# Lazy sunday!



## robopetz (Oct 16, 2012)

Me and Pheobie just lounging in bed being lazy....


----------



## rob (Jun 20, 2012)

lol she looks nice and chilled


----------



## Apyl (Jun 20, 2012)

Does she wear a diaper? or poop every where?


----------



## Sundancers (Jun 20, 2012)

It was a lazy sunday ... I went fishing.


----------



## robopetz (Oct 16, 2012)

Apyl said:


> Does she wear a diaper? or poop every where?


No and no. She's good, I notice she won't go until I put her back. This is if she's in bed with me but if she's on the floor exploring shell go any where good thing we have tile floors. Lol



Sundancers said:


> It was a lazy sunday ... I went fishing.

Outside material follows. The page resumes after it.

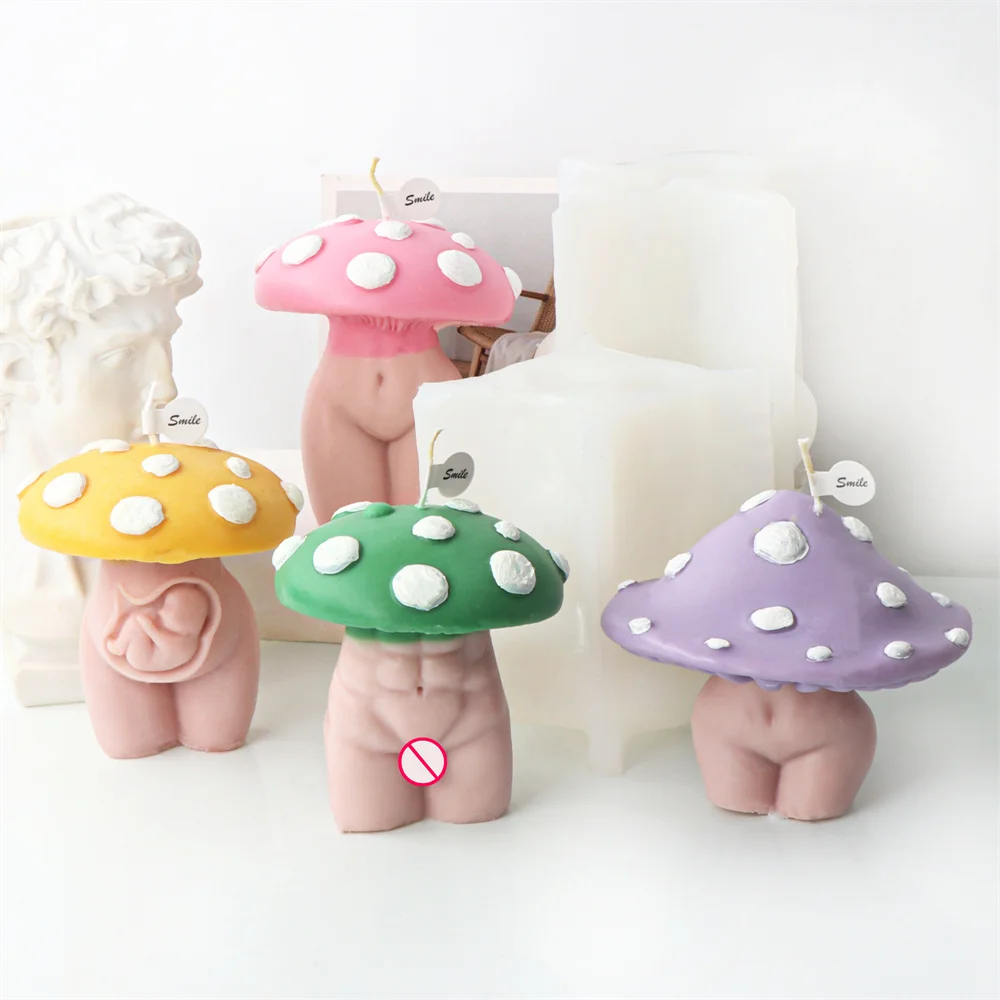 

Large Mushroom Goddess 3D Silicone Mold Man Female Body Candle Making Molds for Resin Soap Casting Cake Chocolate Art Wax Craft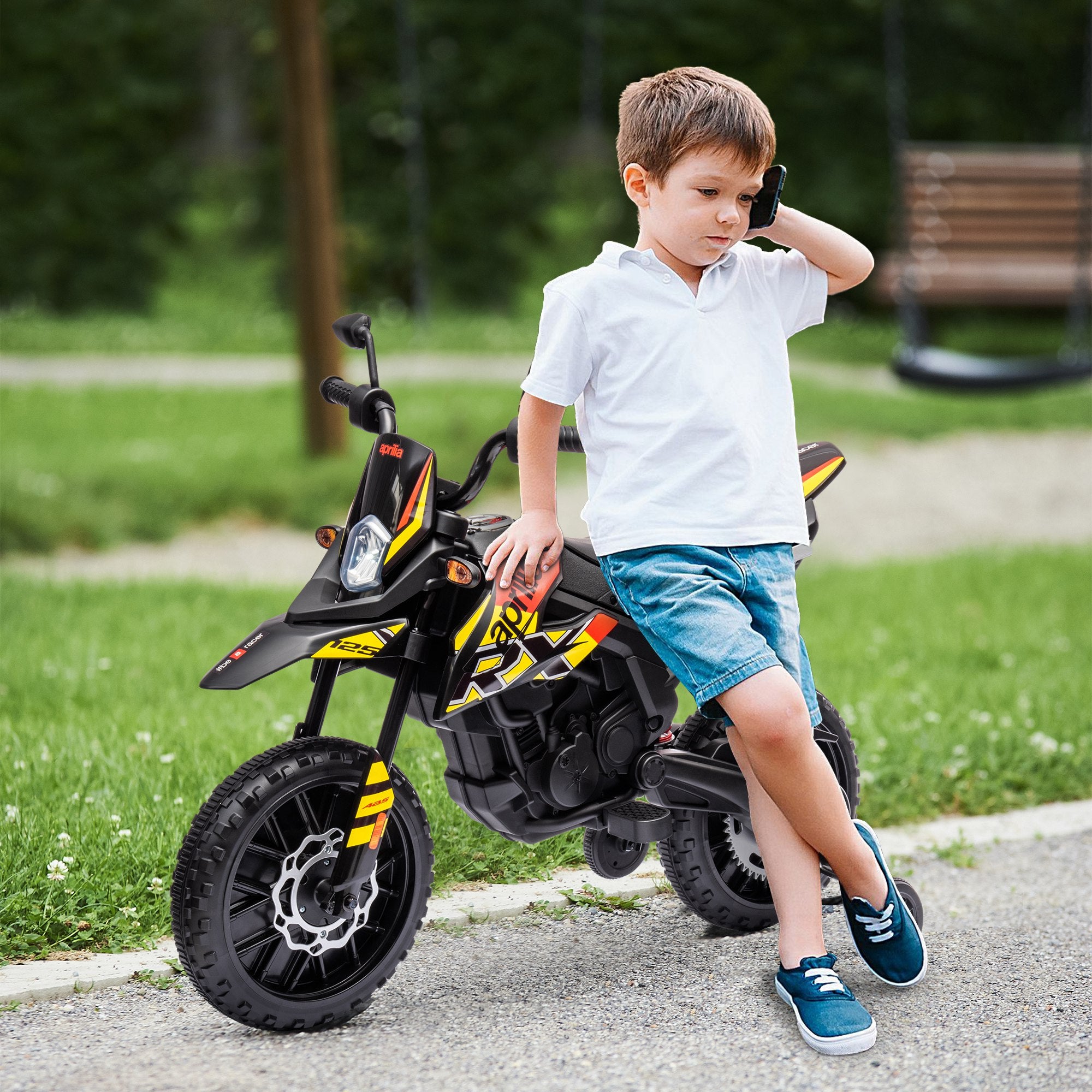 12V Aprilia Licensed Kids Motorbike with Training Wheels, Spring Suspension, LED Headlight, USB, Music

Fun! I haven't gone in like ever. My dad has a 24 foot boat and used to go fishing allot when I was younger. Fun times!


----------



## 7chicks (Jun 29, 2012)

Poor Pheobie. She's so love deprived.


----------



## ChickenAdmin (Jun 4, 2012)

That chick is calm! Is she always that way?


----------



## robopetz (Oct 16, 2012)

Yes, she sleeps with us on the bed. If I'm out of my room then she's exploring the living room with me or watching tv. She's just like a house cat. Lol


----------



## ChickenAdmin (Jun 4, 2012)

That's great! I wish I could let my chickens inside but my wife would have a fit!


----------



## robopetz (Oct 16, 2012)

I dunno if its a good thing but Pheobie does not like to be out doors. I try to let her out and zoom she goes right back into the door. Lol


----------



## ChickenAdmin (Jun 4, 2012)

Do you have a dog door but for chickens?


----------



## robopetz (Oct 16, 2012)

Lol no. Stray cat will probably come in. I did finally order her diaper though. Tracking says its being delivered today. Yay!


----------



## ChickenAdmin (Jun 4, 2012)

That's great! Can't wait to see the pics.


----------